Frontier Airlines löst nach 30 Jahren das Versprechen eines Pepsi Super Bowl Spots ein.
07.02.2026
Das klingt im ersten Moment etwas skurril, dahinter steht aber eine wahre Geschichte. Im Jahr 1996 hat Pepsi einen Super Bowl Spot geschaltet, in dem ein Bonusprogramm für treue Kundinnen und Kunden propagiert wurde. Die gesammelten Punkte konnten in verschiedene Produkte umgetauscht werden, einige davon hat der Spot gezeigt. Da jeder zünftige Super Bowl Spot einen starken Schlussgag braucht, hat sich PepsiCo. den Scherz erlaubt, für 7 Mio. Punkte einen Harrier-Militärjet auszuloben. Was nie ernst gemeint war, auch wenn der Jet im Spot gezeigt wurde (er landete spektakulär vor einer High School). PepsiCo ist wahrscheinlich davon ausgegangen, dass niemand so viele Punkte sammeln könnte. Außerdem war es praktisch unmöglich, einen Militärjet zu verschenken.
Ein College-Student namens John Leonard hat das Versprechen wörtlich genommen. Er sammelte die nötige Anzahl an Punkten und forderte die versprochene Prämie ein. Als PepsiCo erwartungsgemäß abgewunken hat, hat John Leonard das Unternehmen auf Einhaltung der Werbeaussage verklagt. Der Richter hat seinen Anspruch letztlich abgewiesen. Mit der Begründung, es hätte jedem klar sein müssen, dass dieses Angebot nicht ernst gemeint war. Was viel über das Vertrauen in Werbung sagt, dem Kläger aber letztlich nicht geholfen hat.
Es überrascht nicht, dass der Fall seinerzeit durch die Medien ging. Netflix hat darüber sogar eine Dokumentation mit dem Titel "Pepsi, Where’s My Jet?" gedreht und eigentlich wäre die Geschichte damit abgeschlossen.

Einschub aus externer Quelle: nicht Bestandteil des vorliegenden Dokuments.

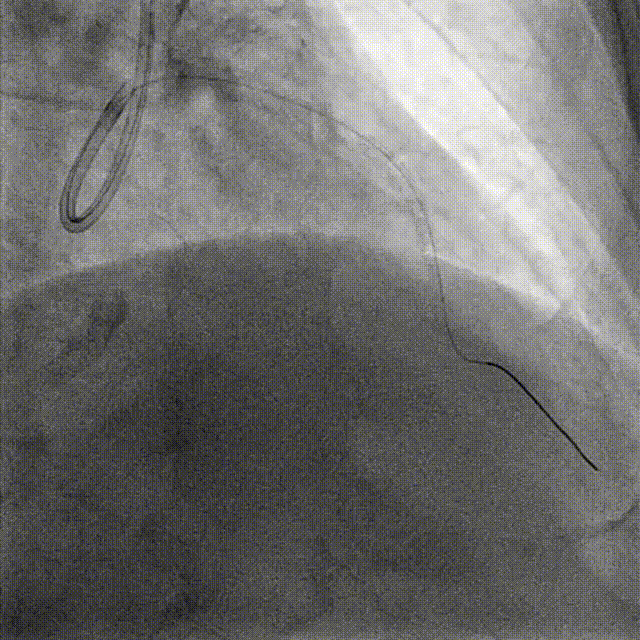 Launcher病例荟 | JR应用于右冠近段病变
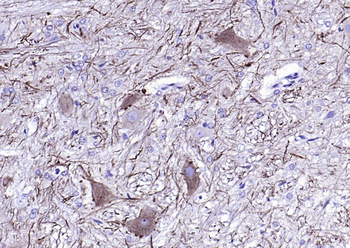 NF-L antibody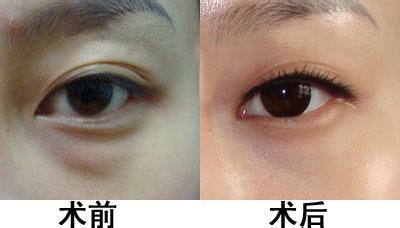 深圳雙眼皮修復(fù)，誰(shuí)是比較好的醫(yī)生？實(shí)力對(duì)比胡華新、李天石、白曉東等5位專家
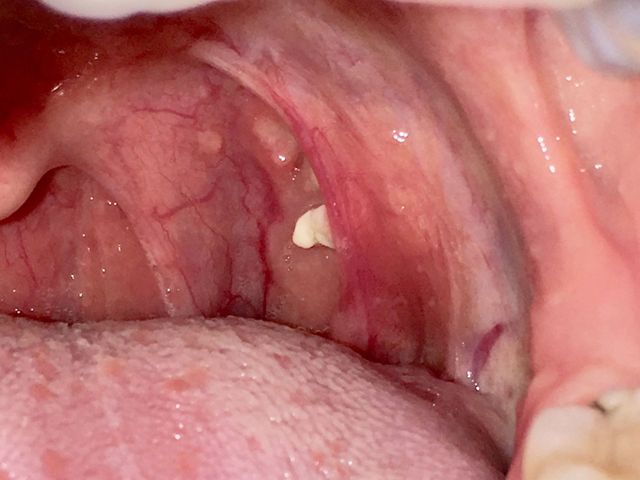 How to get rid of tonsil stones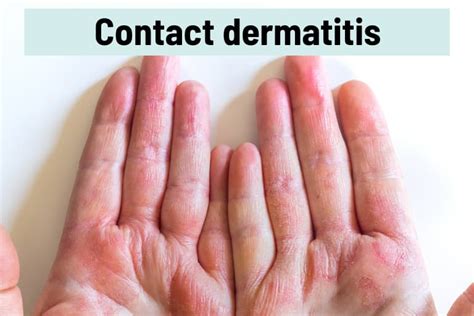 Skin Peeling On Fingertips 15 Causes Pictures And Treatments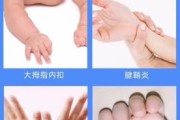 宝宝大拇指内扣是什么原因_需要干预吗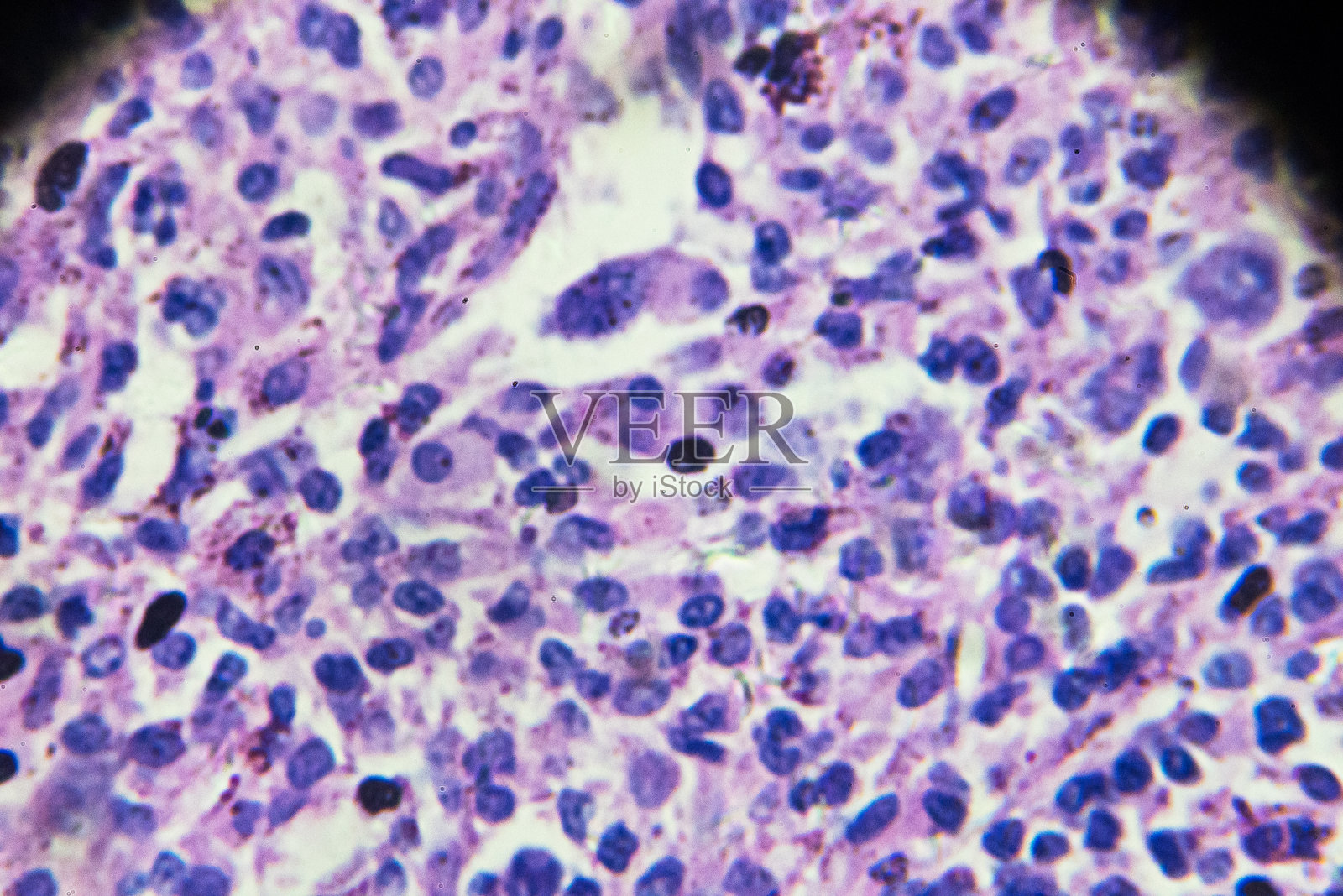 显微镜下的非霍奇金淋巴瘤照片摄影图片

Wäre nicht Frontier Airlines auf die Idee gekommen, das Versprechen von Pepsi nach 30 Jahren einzulösen. Zwar konnte auch der Billigflieger mit Sitz in Denver keinen Jet verschenken, aber zumindest dessen Nutzung. Die Fluglinie hat Kontakt mit John Leonard aufgenommen und ihm angeboten, seine 7 Mio. Punkte in 7 Mio. Flugmeilen umzutauschen. Was für den mittlerweile 50-jährigen praktisch einen lebenslangen Freiflug bedeutet. Und einen Auftritt in einem Spot der Agentur BarkleyOKRP, zusammen mit dem CEO der Fluglinie. Platziert unter anderem in den sozialen Netzwerken im Umfeld des Super Bowls.
Von der eigenen Idee begeistert ging Frontier noch einen Schritt weiter und bietet an, bis zum 22. Februar auch Guthaben aus anderen Treuprogrammen einzulösen. Wenn auch in geringerem Umfang, die Zahl der Punkte ist pro Person auf maximal 5.000 begrenzt. Ein origineller Gag ist es allemal, besonders die älteren Konsumentinnen und Konsumenten werden sich sicherlich noch an den Pepsi Jet erinnern. Damit kommt eine der skurrilsten Geschichten in der Geschichte des amerikanischen Marketings nach 30 Jahren zu einem guten Ende.
Es gibt sicherlich die unterschiedlichsten Ansätze, um mehr Aufmerksamkeit für eine Kampagne zu erzeugen. Eine davon ist die Geschichte hinter der Kampagne, besonders wenn sie auf einem wahren Ereignis beruht. Und auf einem realen Protagonisten. Die besten Geschichten schreibt eben immer noch das Leben. Wobei Frontier die Geschichte einer anderen Marke gekapert hat und damit für Gesprächsstoff sorgt, ohne einen teuren Super Bowl Spot zu buchen. Wie es die beiden Konkurrenten United und Southwest gemacht haben. Bei Frontier ersetzt die Idee das Budget.
Frontier Airlines fliegt mit rund 180 Airbus A320 und A321 überwiegend Ziele in den USA an, daneben gibt es internationale Strecken nach Mittelamerika. Markant sind die Heckleitwerke, die unterschiedliche Wildtiere aus den angeflogenen Regionen zeigen. Auf diese Besonderheit spielt eine Szene in dem Spot zur aktuellen Punktetausch-Aktion an.